The contractors' trade group, the Aeronautical Repair Station Assn., contends that its members' work is safe and points to recent aviation safety as evidence. Moreover, tighter restrictions on overseas maintenance would harm relations with other countries, says Sarah MacLeod, ARSA's executive director. "There's going to be a backlash," MacLeod predicts, along with higher airfares and the demise of some smaller repair shops.
Now, the issue is coming under scrutiny in Washington. After Southwest Airlines was hit on Mar. 6 by a record $10.2 million fine for safety violations, the FAA stepped up audits of airline maintenance records, spurring American Airlines (AMR), Delta Air Lines (DAL), Alaska Airlines (ALK), and United (UAUA) to ground thousands of flights as they reinspected planes. While those issues aren't directly tied to overseas maintenance, members of Congress and industry watchdogs have stepped up calls for greater FAA inspections of repair shops abroad so they meet U.S. standards.
The House of Representatives has approved a bill requiring drug and alcohol testing for overseas maintenance workers, as well as twice-annual FAA inspections. The Senate has yet to move on the issue, but Senator Claire McCaskill (D-Mo.), whose state has a large American Airlines maintenance operation, says the government is subsidizing the outsourcing and wants airlines to pay the cost of FAA certification abroad. "You can't put a gun to a corporation's head and say, You're not going to outsource jobs,'" McCaskill says. "But you can make sure the taxpayer isn't paying to send jobs overseas."

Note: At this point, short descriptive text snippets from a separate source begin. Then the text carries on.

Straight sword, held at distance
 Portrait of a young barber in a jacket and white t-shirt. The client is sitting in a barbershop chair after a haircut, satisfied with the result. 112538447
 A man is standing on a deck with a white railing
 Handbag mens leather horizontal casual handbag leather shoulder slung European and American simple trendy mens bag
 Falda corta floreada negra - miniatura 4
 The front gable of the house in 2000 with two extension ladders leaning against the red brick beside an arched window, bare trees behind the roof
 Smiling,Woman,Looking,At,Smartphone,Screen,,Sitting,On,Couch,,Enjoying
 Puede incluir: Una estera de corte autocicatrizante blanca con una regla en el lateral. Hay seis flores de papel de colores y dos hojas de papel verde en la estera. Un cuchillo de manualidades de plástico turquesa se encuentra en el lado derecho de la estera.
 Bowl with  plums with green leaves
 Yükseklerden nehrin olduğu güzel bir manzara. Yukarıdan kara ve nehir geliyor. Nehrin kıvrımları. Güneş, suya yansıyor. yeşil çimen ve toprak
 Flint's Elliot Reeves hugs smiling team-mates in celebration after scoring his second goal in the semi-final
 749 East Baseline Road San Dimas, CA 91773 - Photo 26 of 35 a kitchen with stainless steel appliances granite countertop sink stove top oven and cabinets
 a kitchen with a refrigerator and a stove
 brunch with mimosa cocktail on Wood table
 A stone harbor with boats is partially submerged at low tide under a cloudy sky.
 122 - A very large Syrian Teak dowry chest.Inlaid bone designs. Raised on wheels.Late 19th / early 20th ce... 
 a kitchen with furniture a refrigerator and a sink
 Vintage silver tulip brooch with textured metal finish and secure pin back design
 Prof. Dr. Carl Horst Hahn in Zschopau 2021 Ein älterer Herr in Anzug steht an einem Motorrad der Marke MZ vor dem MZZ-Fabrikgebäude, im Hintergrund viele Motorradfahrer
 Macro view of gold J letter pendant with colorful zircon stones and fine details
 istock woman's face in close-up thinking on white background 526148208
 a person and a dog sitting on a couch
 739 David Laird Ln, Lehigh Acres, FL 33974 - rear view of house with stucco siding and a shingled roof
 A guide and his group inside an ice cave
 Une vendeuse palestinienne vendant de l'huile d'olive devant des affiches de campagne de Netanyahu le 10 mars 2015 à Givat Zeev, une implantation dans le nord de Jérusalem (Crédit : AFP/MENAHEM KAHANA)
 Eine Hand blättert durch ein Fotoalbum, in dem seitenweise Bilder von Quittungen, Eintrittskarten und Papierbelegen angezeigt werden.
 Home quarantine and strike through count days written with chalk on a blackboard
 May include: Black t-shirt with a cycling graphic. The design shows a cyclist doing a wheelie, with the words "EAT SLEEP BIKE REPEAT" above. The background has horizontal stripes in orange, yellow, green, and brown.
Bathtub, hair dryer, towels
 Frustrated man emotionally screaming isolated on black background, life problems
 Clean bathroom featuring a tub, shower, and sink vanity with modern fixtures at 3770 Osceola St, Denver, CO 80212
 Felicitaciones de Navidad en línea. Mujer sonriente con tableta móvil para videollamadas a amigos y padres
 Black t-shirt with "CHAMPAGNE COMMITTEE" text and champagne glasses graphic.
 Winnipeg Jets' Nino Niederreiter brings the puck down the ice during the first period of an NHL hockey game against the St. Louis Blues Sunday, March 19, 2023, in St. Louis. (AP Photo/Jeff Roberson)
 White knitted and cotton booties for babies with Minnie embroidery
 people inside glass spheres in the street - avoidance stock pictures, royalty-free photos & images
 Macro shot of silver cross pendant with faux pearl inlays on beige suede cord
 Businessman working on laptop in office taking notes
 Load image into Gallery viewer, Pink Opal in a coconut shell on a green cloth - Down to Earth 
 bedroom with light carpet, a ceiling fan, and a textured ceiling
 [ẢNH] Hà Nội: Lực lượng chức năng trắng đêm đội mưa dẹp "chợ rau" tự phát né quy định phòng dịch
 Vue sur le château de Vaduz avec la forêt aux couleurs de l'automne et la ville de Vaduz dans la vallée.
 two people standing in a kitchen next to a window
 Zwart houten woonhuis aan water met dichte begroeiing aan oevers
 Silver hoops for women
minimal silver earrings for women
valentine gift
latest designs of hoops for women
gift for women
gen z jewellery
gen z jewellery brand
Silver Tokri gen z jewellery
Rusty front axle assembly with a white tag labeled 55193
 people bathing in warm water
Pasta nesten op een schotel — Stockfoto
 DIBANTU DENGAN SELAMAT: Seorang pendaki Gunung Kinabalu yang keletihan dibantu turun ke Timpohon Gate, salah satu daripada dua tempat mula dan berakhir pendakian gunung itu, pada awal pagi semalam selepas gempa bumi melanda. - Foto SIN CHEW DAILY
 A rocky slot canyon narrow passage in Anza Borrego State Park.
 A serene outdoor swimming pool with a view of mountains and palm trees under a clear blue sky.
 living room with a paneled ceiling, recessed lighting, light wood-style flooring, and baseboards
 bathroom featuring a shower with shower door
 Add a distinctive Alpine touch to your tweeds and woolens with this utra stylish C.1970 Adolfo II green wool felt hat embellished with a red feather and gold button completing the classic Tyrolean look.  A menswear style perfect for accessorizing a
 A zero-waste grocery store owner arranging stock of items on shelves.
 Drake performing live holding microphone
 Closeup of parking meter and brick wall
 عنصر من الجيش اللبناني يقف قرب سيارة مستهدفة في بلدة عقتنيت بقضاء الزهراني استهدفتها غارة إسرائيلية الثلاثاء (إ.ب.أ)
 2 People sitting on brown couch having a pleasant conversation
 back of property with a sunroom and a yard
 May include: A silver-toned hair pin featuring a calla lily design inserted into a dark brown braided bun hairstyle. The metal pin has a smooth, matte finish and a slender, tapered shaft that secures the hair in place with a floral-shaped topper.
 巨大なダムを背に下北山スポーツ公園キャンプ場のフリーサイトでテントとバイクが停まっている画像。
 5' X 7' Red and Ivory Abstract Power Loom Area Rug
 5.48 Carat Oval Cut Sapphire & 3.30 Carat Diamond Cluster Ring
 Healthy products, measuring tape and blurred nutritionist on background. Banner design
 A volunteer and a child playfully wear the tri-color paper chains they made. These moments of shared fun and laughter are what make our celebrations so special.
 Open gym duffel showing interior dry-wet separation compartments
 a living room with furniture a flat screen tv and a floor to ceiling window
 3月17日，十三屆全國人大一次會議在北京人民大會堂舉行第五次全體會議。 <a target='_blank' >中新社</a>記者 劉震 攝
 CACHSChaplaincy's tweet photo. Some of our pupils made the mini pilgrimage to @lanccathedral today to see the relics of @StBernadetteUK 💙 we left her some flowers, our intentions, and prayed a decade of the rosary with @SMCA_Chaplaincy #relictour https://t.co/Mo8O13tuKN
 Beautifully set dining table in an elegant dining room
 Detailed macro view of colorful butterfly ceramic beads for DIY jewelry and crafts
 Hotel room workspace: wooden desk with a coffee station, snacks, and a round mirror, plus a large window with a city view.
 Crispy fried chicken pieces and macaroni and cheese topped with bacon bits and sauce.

In this environment, some airlines are reconsidering their maintenance operations. On Apr. 3, Southwest said it would keep all of its repairs in the U.S. rather than ship some of them, as planned, to Aeroman. Construction workers there had been racing to complete a new $15 million hangar that was to service part of Southwest's Boeing (BA) 737 fleet. Today the hammers are still swinging, but Aeroman is scouting for other airlines to occupy the facility.
No one is suggesting that Aeroman does shoddy work. Southwest and JetBlue both say they have confidence in the company, which is owned by Montreal-based ACE Aviation Holdings, the parent of Air Canada, and two U.S. private equity firms. And after a March visit, Representative Jerry F. Costello (D-Ill.), chairman of the House Aviation Subcommittee, said: "I was impressed by some of the things I saw there." A walk around the tidy shop floor indicates that Aeroman takes its job seriously. Documents carry the name and signature of every employee involved in any repair. Removed parts that are to be returned to the aircraft are stored in cellophane-wrapped racks and labeled with blue tags and part numbers. Damaged life jackets, window frames, and floor panels are marked with red tags indicating they should be destroyed. "We are very confident," says Aeroman Chief Executive Ernesto Ruíz, "that anyone who comes here won't find anything amiss."
Southwest Airlines was fined after two FAA inspectors blew the whistle on an agency supervisor, a friend of a Southwest official. On Apr. 3, National Public Radio talked with the pair, who related how the supervisor stymied efforts to get the airline to examine 46 planes for cracks. The two men give a detailed account of the pressures they faced on the job and the lack of support from superiors.